それが実現できた理由について聞かれる場面も多いですが、間違いなく、これまでの人生を通して常に目的意識を持ち続けて、建設的なアクションを積み上げてきたことが鍵だったと感じています。
もちろん、自分以外の第三者からノルマとして課される訳ではありません。
この辺り、意識・無意識に関わらず、人生を受動的に生きている方々には分からないかも知れませんね。
常に自らと向き合い、目標を設定して、実現するためのプランを描き、進捗を確認して調整・修正を加えながら具体的な行動を積み上げていく、それを初志貫徹したからこそ今があると実感しています。
前置きが長くなったので本題に入ると、先月(11月)後半に社会保障のテーマが連続したことと同じく、この時期に決まって取り上げられる話題がありますよね。
それは、年度半ばで組み込まれる一般会計の補正予算で、先月末28日、今年度のそれも決定・公表されました。

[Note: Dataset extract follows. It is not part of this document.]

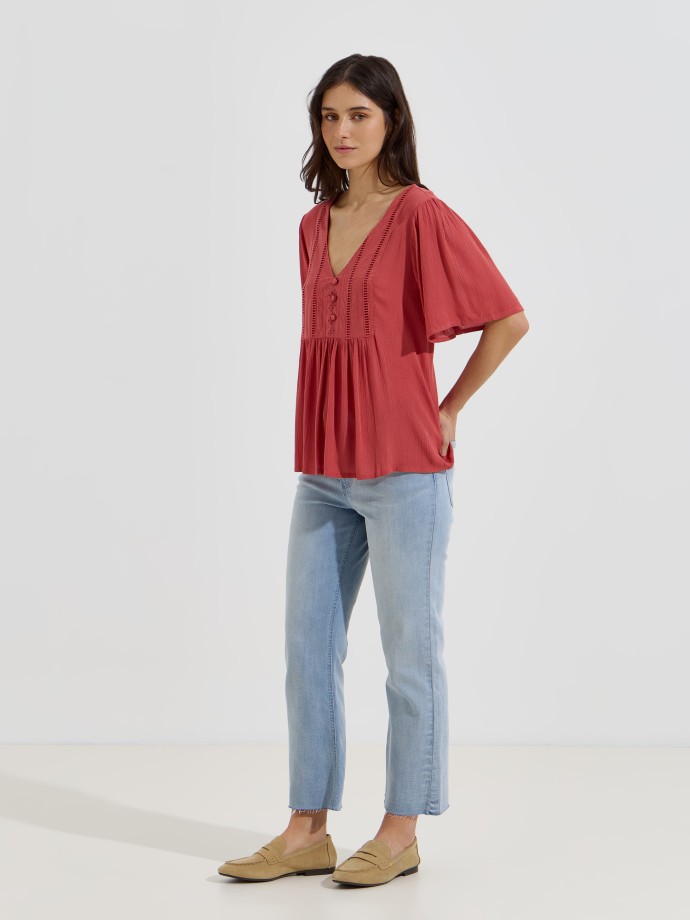 Blusa flu�da com bot�es decorativos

日本政府(高市政権)は近く国会に提出して、年内に成立することを目指します。
結論からお伝えすると、今年度の補正予算案の総額は18兆3034億円で、数年前までは例年10兆円前後で推移していたはずですが、2024年度の13.9兆円を超えて過去最大を記録しています。
また、税収の上振れ分(2.9兆円)税外収入(1兆円)前年余剰金(2.7兆円)等も充当されますが、全体の約6割に相当する11兆6960億円は新たな国債発行で賄われることが予定されています。
補正予算の内訳は国民生活の安全保障・物価高対策:8.9兆円、危機管理投資・成長投資:6.4兆円、防衛力・外交力強化:1.7兆円となっていますが、これに対する是非の議論は他に譲ります。
ただ、ここで私がしたいのは、税収(年間約80兆円)に対して国家の運営コストが1.7倍の約134兆円(一般会計予算:115.5兆円+補正予算:18.3兆円)まで膨れ上がってしまっていること。
さらに、今年も新たに約40兆円もの赤字国債を発行して、慢性的な赤字体質に陥っていることです。
一説によると、日本の国家債務総額は約1400兆円という天文学的なレベルに達しており、対GDP(国内総生産)250%、加えて、今尚3ヶ月ごとに10兆円規模のペースで増加しています。
もちろん、個人とは異なり、生物学的な寿命のない国家において無借金経営のみが正解とは言いませんが、適切な水準(対GDP比100%前後)でコントロールできているか否かは重要な判断ポイント。
G7はもちろん、G20まで比較対象を拡大しても日本は唯一の例外国となっており、国家債務の突出具合・増加速度は、セントラル・リーグを史上最速優勝した阪神タイガースに匹敵するものがあります。
常々お伝えしていますが、年月をかけて染み付いた借金体質は容易に改善することが出来ません。
自国通貨建の国債を発行できる国家であれば、借金による無限ファイナンスは実現ができるのか。
この問いに対してネガティブな回答しか持たない私としては日本の末路について憂慮しています。